Bell de Bilgewater

Chapitre 44 : Partie 4 - Chapitre 8

4818 mots, Catégorie: T

Dernière mise à jour 08/01/2023 17:30

           Chapitre 8

 

         Au détour d’une conversation sur la structure si complexe de la ville, et des différents districts de Zaun, Bell eut l’occasion de découvrir les plans sommaires dressés par les membres de la Décharge au cours des nombreuses décennies. La carte étant assez ancienne, nombre de galeries de remontées avaient été condamnées, puis remises en service quelques années plus tard. Le plan n’était plus qu’un assemblage de raturages dans tous les sens.

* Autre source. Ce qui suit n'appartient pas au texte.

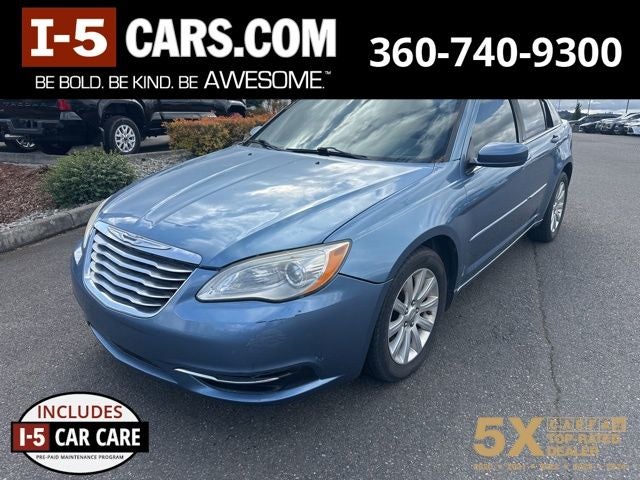 2011 Chrysler 200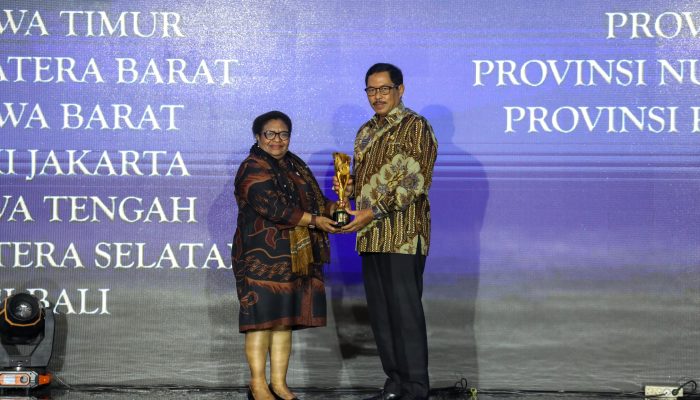 Naik Level, Pemprov Jateng Raih Penghargaan IGA Award 2024 Kategori Terinovatif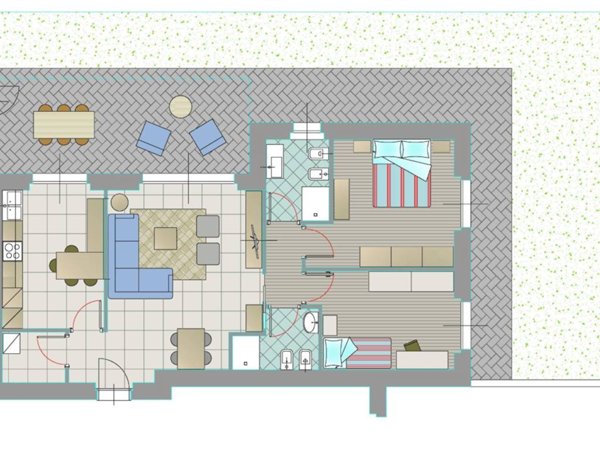 appartamento in vendita a Rho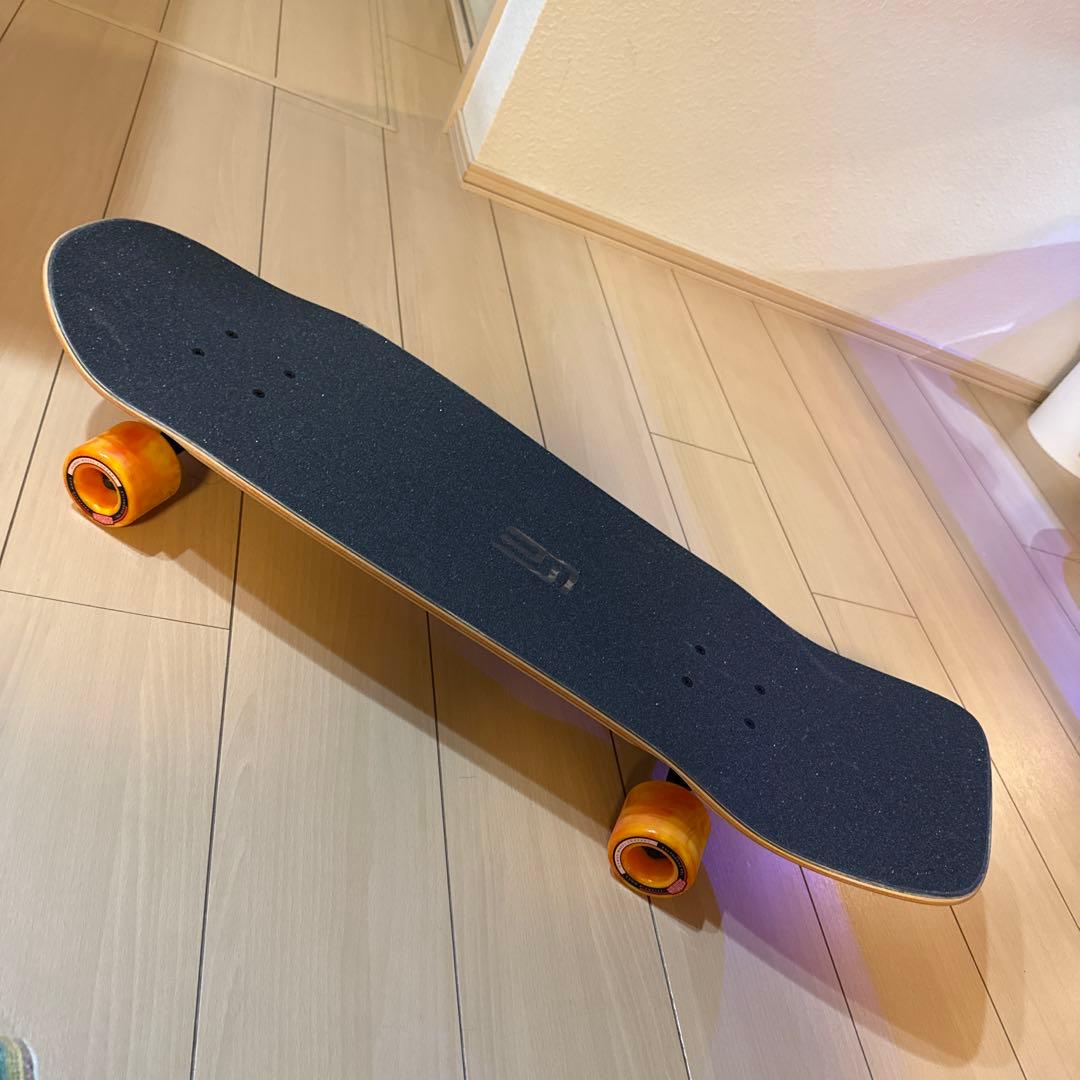 LANDYACHTZ ハイブリッド　クルーザー　スケートボード Landyachtz 26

 - Comment faites-vous pour ne pas vous perdre ?

         Aux côtés de la yordle se tenait Venos, ainsi que la cheffe.

 - Nous utilisons plus nos connaissances que les plans pour être honnête, répondit-il.

 - Mais vous avez besoin de ces cartes, pour la communication et l’apprentissage, je me trompe ?

         Nahia acquiesça.

 - Où veux-tu en venir, demanda-t-elle curieuse de savoir ce que voulait son invitée.

 - Je suis navigatrice, dit Bell. Je ne sais pas que lire les cartes, je sais aussi les dessiner. En explorant un peu Zaun je pourrais aisément mettre à jour vos plans

         Nahia sourit, amusée. Elle interdisait à la jeune fille de remonter en Zaun, de peur qu’elle se montre et se mette en danger. Sa simple présence pourrait mettre un quartier entier en quarantaine, le temps que les Ratels ne la trouvent.

         Techniquement je ne suis qu’apprentie, pensa Bell, je n’ai qu’à moitié menti ?

 - Il faudrait me prouver que tu as de tels talents, commença la cheffe, si tu pouvais pour commencer dresser…

 - C’est déjà fait, l’interrompit la jeune fille avec un grand sourire.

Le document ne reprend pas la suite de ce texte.